Treat Paine Metcalf

From the blog

Restarting SocketShot Development

I’ll be honest. I initially started developing SocketShot in order to escape my old job in tech support and land a gig as a legit software engineer. In Nov 2017, I used SocketShot as a portfolio piece when interviewing for positions, and upon displaying the game to my first choice employer, they immediately gave me a job – showcasing a shitty nodejs game you develop turns out to be more persuasive than you would think. Since getting the job, almost all my energy has been focused on gaining my bearings as a software dev (a new world for me), and SocketShot, having served its initial purpose, fell to the wayside. Last week, I decided to check out the game I had spent so many weeks on, and I was surprised at how fun and actually good it felt to play! It deserves further development in my estimation, and I want to see how far I can take the concept now that I’ve achieved an acceptable level of competence at my job and have more available time.

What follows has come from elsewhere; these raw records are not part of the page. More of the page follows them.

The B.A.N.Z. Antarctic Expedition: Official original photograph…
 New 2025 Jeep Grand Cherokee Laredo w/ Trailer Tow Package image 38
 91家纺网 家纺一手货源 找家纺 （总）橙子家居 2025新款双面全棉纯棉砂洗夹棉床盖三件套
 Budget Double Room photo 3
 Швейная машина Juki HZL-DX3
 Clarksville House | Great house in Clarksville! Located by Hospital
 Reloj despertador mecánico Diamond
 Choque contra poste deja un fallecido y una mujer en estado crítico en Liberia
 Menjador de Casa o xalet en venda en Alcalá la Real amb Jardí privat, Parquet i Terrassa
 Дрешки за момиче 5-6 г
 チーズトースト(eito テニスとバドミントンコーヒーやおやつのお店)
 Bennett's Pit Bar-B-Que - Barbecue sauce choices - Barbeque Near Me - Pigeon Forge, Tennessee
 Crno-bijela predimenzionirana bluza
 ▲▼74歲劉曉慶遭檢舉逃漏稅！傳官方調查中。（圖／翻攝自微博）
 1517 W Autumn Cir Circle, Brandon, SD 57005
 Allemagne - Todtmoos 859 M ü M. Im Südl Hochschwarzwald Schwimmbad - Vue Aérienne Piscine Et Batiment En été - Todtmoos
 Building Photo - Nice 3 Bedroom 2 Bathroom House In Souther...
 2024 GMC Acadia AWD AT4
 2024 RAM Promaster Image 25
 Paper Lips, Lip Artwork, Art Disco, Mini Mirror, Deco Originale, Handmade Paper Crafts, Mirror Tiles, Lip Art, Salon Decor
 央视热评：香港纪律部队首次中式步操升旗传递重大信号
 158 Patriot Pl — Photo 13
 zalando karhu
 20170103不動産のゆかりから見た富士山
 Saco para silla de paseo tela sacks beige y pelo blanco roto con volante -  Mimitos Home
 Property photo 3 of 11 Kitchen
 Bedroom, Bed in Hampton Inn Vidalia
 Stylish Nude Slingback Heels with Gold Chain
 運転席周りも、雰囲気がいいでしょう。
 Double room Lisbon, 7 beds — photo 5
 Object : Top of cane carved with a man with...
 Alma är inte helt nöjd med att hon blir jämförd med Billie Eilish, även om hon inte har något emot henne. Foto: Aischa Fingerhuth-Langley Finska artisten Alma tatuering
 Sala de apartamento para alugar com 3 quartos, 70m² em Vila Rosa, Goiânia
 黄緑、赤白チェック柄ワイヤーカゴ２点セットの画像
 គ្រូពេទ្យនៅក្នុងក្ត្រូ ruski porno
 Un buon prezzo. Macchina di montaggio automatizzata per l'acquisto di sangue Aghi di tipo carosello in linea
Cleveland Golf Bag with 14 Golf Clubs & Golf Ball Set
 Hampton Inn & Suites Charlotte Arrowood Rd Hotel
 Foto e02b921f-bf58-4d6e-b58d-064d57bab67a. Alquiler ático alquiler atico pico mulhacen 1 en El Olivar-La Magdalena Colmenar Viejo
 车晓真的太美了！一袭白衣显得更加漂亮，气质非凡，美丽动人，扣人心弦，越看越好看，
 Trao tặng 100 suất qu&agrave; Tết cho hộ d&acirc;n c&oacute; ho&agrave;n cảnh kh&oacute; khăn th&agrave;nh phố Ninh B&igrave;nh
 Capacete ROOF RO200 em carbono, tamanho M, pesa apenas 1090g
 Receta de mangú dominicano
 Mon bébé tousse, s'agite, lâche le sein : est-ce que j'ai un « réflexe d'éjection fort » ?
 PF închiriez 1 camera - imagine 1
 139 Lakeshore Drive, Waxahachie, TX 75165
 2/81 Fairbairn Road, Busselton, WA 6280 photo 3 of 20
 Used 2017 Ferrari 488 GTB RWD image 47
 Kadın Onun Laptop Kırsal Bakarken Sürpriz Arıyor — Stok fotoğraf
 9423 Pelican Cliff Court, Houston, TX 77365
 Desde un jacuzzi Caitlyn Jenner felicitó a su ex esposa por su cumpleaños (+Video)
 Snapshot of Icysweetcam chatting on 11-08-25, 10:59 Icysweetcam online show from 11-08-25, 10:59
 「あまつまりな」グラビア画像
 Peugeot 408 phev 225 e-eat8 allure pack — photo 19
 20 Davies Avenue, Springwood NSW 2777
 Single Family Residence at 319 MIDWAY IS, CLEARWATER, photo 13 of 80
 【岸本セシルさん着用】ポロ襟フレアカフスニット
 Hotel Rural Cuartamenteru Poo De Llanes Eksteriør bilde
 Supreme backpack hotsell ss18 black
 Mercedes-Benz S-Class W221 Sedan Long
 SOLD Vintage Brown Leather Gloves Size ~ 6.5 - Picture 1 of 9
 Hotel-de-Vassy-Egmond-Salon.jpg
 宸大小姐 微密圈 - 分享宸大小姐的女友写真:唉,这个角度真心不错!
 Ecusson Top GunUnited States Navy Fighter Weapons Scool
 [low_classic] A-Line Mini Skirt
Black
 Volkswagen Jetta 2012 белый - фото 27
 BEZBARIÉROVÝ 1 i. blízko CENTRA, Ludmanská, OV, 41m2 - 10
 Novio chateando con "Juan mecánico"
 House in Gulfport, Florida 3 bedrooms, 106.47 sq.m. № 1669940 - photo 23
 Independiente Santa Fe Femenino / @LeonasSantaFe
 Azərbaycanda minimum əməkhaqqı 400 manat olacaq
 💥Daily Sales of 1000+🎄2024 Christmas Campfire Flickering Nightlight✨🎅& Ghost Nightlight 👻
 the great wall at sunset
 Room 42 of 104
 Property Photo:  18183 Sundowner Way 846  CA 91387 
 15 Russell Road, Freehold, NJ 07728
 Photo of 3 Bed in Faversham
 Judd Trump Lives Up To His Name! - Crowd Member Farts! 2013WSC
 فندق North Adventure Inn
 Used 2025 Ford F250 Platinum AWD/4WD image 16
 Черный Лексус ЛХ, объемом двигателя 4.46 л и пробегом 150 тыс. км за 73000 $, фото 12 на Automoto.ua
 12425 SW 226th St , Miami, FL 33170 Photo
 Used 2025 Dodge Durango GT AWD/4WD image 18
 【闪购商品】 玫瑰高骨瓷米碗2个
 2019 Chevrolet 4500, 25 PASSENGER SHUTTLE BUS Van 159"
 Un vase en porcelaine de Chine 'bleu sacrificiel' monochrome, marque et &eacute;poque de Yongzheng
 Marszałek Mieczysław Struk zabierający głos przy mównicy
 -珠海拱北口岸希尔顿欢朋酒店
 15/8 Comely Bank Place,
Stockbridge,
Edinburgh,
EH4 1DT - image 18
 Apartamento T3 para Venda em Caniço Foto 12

With the success of Fortnite and other free-to-play games, the internet is rife with potential for free, easily accessible, competitive multiplayer games. A browser-based game could reach even more people, and games such as TagPro (back in its hay-day) have shown that a competitive audience can be achieved with the right formula. In my estimation, the reason TagPro couldn’t fully breakthrough was that it did not have a compelling concept – to neither casual nor hardcore gamers. Casual people aren’t stimulated by colored balls bouncing around trying to capture a flag, and the hardcore… aren’t stimulated by colored balls bouncing around trying to capture a flag. I love TagPro, but no one can relate to a colored ball. SocketShot I think has the potential to learn from the success of TagPro, while offering a concept more compelling than colored balls – ethnically diverse groups shooting the shit out of each other.